Abstract. Pancreatic cancer is one of the most aggressive human malignancies, with a yearly incidence that
equals its mortality. Radiation therapy (RT) is an integral component of modern therapy for locally advanced
unresectable pancreatic cancers. However, its ultimate utility is severely limited by the fact that some cancer
cells are resistant to RT. This problem is further amplified by the presence of gastrointestinal mucosa immediately
adjacent to the tumor that makes dose escalation difficult and often not readily achievable. A novel approach to
enhancing the radiation dose delivered to tumors is by transiently increasing the radiation-interaction probability
of the target tissues using high atomic number (Z) nanomaterials.
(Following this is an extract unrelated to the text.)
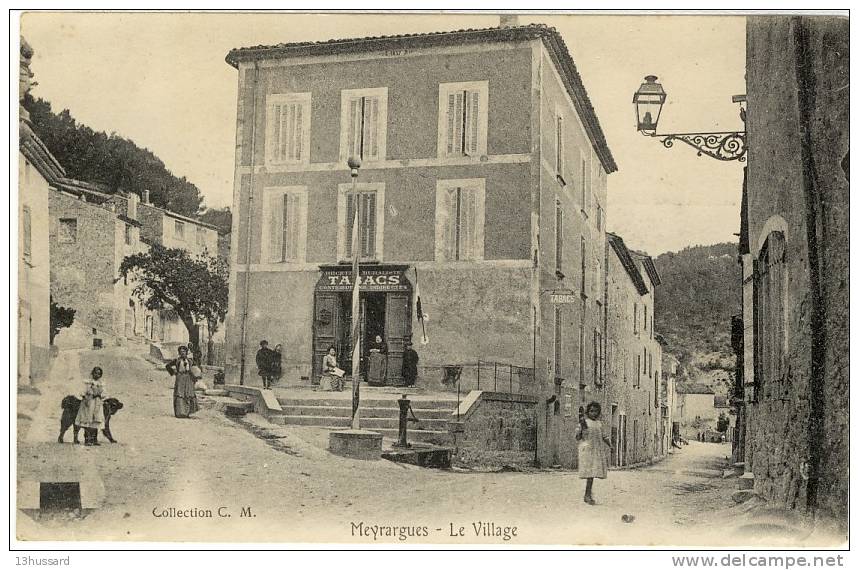 Carte Postale Ancienne Meyrargues - Le Village - Débit De Tabacs - Meyrargues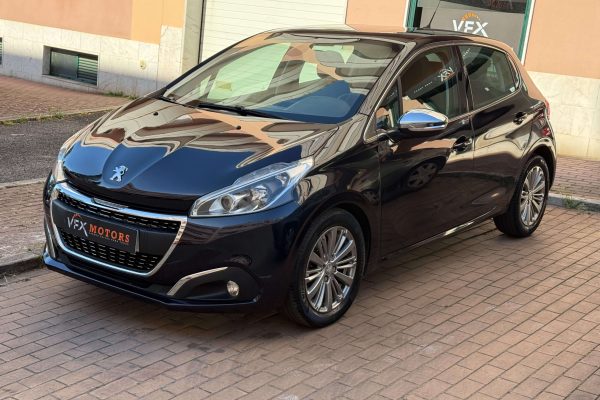 Peugeot 208-8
However, pancreatic cancer is characterized
by hypovascularity in the setting of a dense stromal component that serves as a formidable physiological barrier
to the delivery of drugs and nanoparticles. Therapeutic strategies, which can bypass the desmoplasia `fortress'
and apply therapy without significantly affecting healthy cells and tissues would address the critical issues
inherently presented by the pancreatic cancer. Here we propose to solve this delivery challenge by a paradigm
shift from delivery of pre-made high-Z nanoparticles to an atomic size gold precursors (i.e., gold ions) for tumor
radiosensitization thus achieving the ultimate reduction in size of a therapeutic agent – an atomic scale. Our
hypothesis is that small gold ions (i) will uniformly distribute throughout the tumor as their diffusion is not likely
to be impeded by the stroma, and (ii) will be reduced to gold nanoparticles (GNPs) by cancer cells that (iii) will
result in cancer cell radiosensitization to RT. This hypothesis is based on our compelling preliminary data
demonstrating efficient synthesis of GNPs from gold ions inside pancreatic cancer cells but not normal cells.
Further, the biosynthesized GNPs exhibited a high nuclear localization that is critical for efficient
radiosensitization due to a higher dose delivery to nuclei by the secondary Auger electrons. In addition, a number
of recent reports demonstrated intracellular synthesis of GNPs from chloroauric acid by mammalian cells with a
preferential nuclear localization of the nanoparticles further supporting our hypothesis. Interestingly, this
phenomenon has not been previously considered for applications in radiotherapy. We see it as a highly
innovative and exciting opportunity to greatly improve radiosensitization efficiency of cancer cells in situ. We
envision clinical implementation of our approach as an added boost to significantly increase efficacy of
stereotactic body radiotherapy in patients with a pancreatic tumor. Recent clinical data from our group and others
shows that radiation dose enhancement increases overall survival of locally advanced pancreatic cancer
patients. However, the proximity of gastrointestinal mucosa to the tumor in many instances precludes this dose
escalat...

## Key facts

- **NIH application ID:** 10039805
- **Project number:** 1R21CA252156-01
- **Recipient organization:** UNIVERSITY OF TX MD ANDERSON CAN CTR
- **Principal Investigator:** Sunil Krishnan
- **Activity code:** R21 (R01, R21, SBIR, etc.)
- **Funding institute:** NIH
- **Fiscal year:** 2020
- **Award amount:** $425,381
- **Award type:** 1
- **Project period:** 2020-07-01 → 2022-12-31

## Primary source

NIH RePORTER: https://reporter.nih.gov/project-details/10039805

## Citation

> US National Institutes of Health, RePORTER application 10039805, In situ cancer cell specific synthesis of gold nanoclusters for radiosensitization of pancreatic cancer (1R21CA252156-01). Retrieved via AI Analytics 2026-05-27 from https://api.ai-analytics.org/grant/nih/10039805. Licensed CC0.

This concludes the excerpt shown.